'Hell on Wheels'
For Hell on Wheels, AMC's ambitious Western, there's a lot of trouble to deal with right from the start -- present, past and future. In the present, the pilot isn't very good. It's flat, has flashes of action, then ends with a thud. Which, in turn, brings up the past. If you're going to make a Western, you're going to be compared to Deadwood, the HBO gem, no matter what you do. What Hell on Wheels doesn't need, at this point, are comparisons to such greatness. It's not even close to Deadwood. Period. But for the series to avoid worrying about the future -- when a staggering influx of Westerns is coming around the bend -- it needs to establish itself quickly and be compelling in a crowded field.
Having watched four episodes, it's easy to say it will be hard to achieve that goal. There's potential galore -- as there should be when you're doing a genre series with so many possible iconic elements to work with. But there's a nagging suspicion that Hell on Wheels, created by Tony and Joe Gayton, doesn't quite know what it wants to be. After four hours it seems like a collection of ideas that haven't quite jelled.
The series is set post-Civil War and centers on the building of the Transcontinental Railroad. Early on, the producers started calling Hell on Wheels an "Eastern" instead of a Western because it focuses on moving East to West (hence, no Chinese laborers). No matter what they're calling it, the bulk of the pilot looks like it wants to be part Clint Eastwood Western (just pick one) and, well, Deadwood. That's because it gives viewers a giant dose of Cullen Bohannon (Anson Mount), a former Rebel soldier hell-bent on revenge for the murder of his wife. Bohannon's got the squinty eyes, the beard, the hat and the sidearm that suggests "troubled loner willing to kill you." But the series then shifts to Thomas Durant (Colm Meaney), the greedy public face of Union Pacific Railroad, who wants to get rich off of government subsidies and land grants for the railroad and, less enthusiastically, to complete the dream of coast-to-coast travel.
The two come together in the moving tent city known as Hell on Wheels, a sort of base camp for the railroad workers as it inches westward. Hell on Wheels, the town, looks like a less realized version of Deadwood, the town in, well, Deadwood. You've got the mud and the whores and the drinking, but not the layered nuance of characters. For example, we learn, as Bohannon seeks a job on the railroad, that he was a former slave owner who married a girl from the North, gave his slaves independence a year before the Emancipation Proclamation, and -- what? Wants revenge? Once he starts to get it, by picking off the men involved, the Bohannon character starts to empty out. We want to know more about him, but he just seems one-dimensionally focused on revenge. He becomes a Clint Eastwood caricature.
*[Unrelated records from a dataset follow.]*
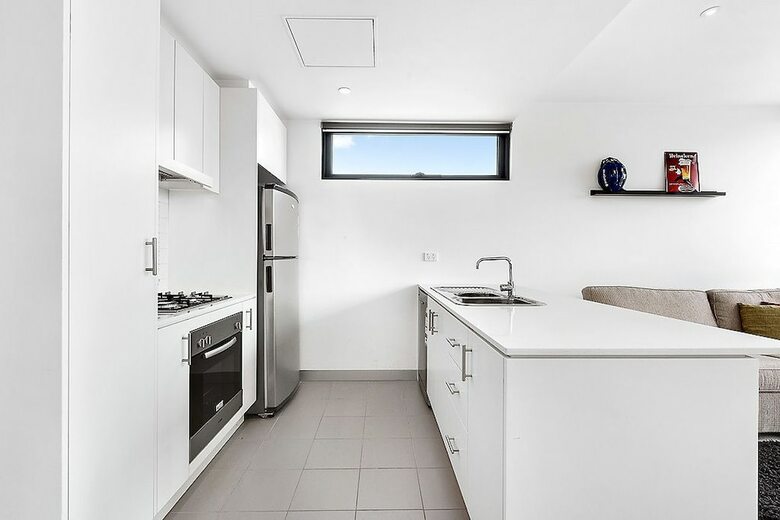 Joyce, 1bdr Southbank Apartment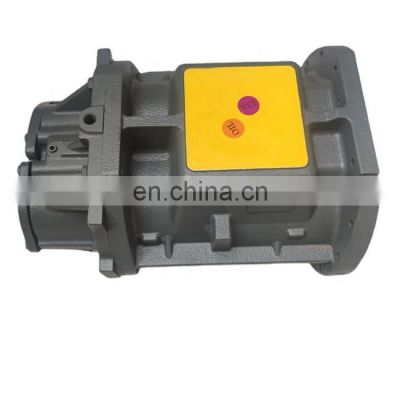 high quality air compressor air end 1616710380 for replacement screw air compressor parts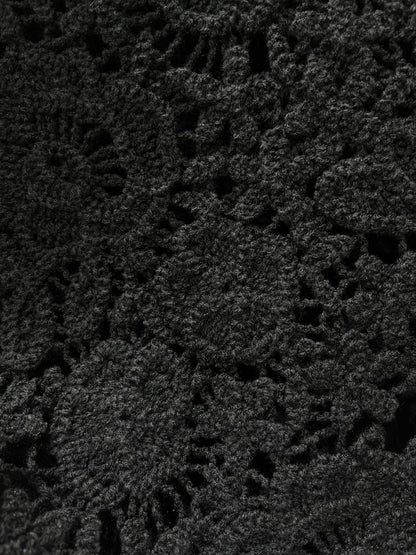 25ss hollow t-shirt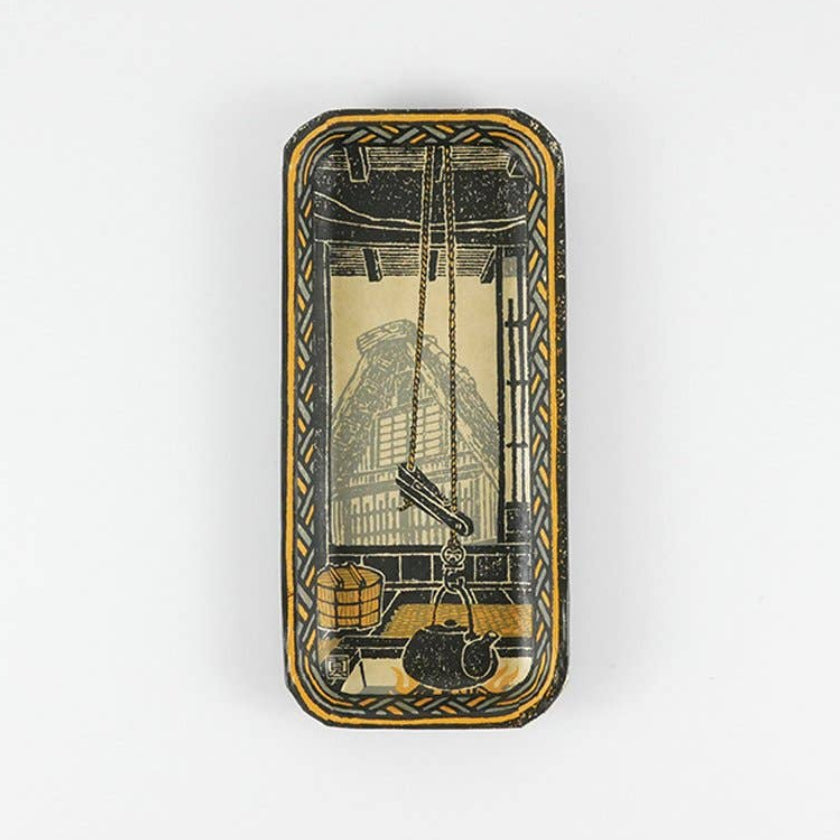 Shin Kogei Paper Tray: Shirakawa
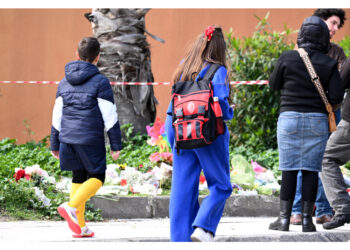 Difensore: 'disagio alle spalle'. Legale famiglia:'mossa tipica'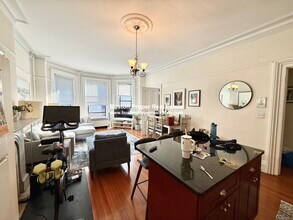 177 Marlborough St, Unit 8 in Boston, MA - Building Photo - Building Photo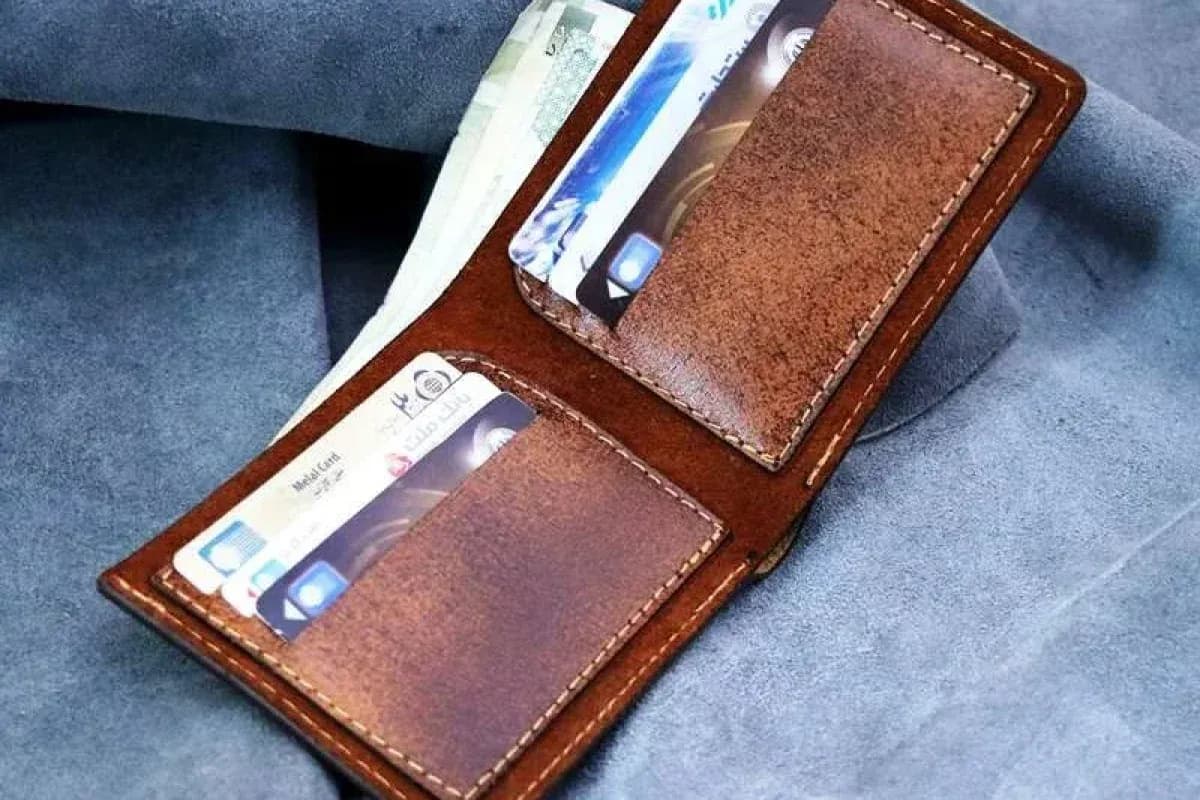 جزئیات کامل راه اندازی اولین کیف پول ایران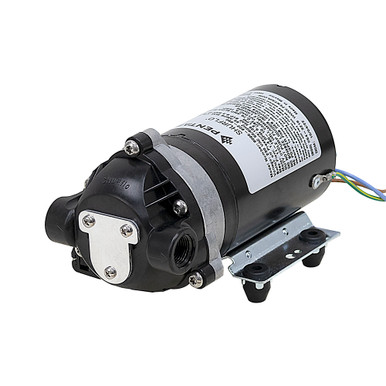 1.4 GPM 135 PSI 230 Volt AC Auto-Demand Diaphragm Pump Shurflo 8095-902-890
The pilot also introduces Elam (Common), an ex-slave none too happy to be taking orders from Bohannon while working as a free man on the railroad. Elam and the rest of the former slaves are evidence that the Gaytons want to tackle the race issue. We also meet Lilly Bell (Dominique McElligott), the only woman who's not a prostitute. So maybe there's an angle to tackle about the hardships of women, too. We also meet lots of Native Americans, though the producers have said they won't really tackle that aspect until season two. But there is Joseph Black Moon (Eddie Spears) who converts to Christianity under the guidance of Reverend Cole (the wonderful Tom Noonan). So you've got the Indian angle kind of addressed, plus religion. Sean and Mickey McGinnes (Ben Esler and Phil Burke) are the young Irish hustlers in the camp, so check off the immigrant box, too.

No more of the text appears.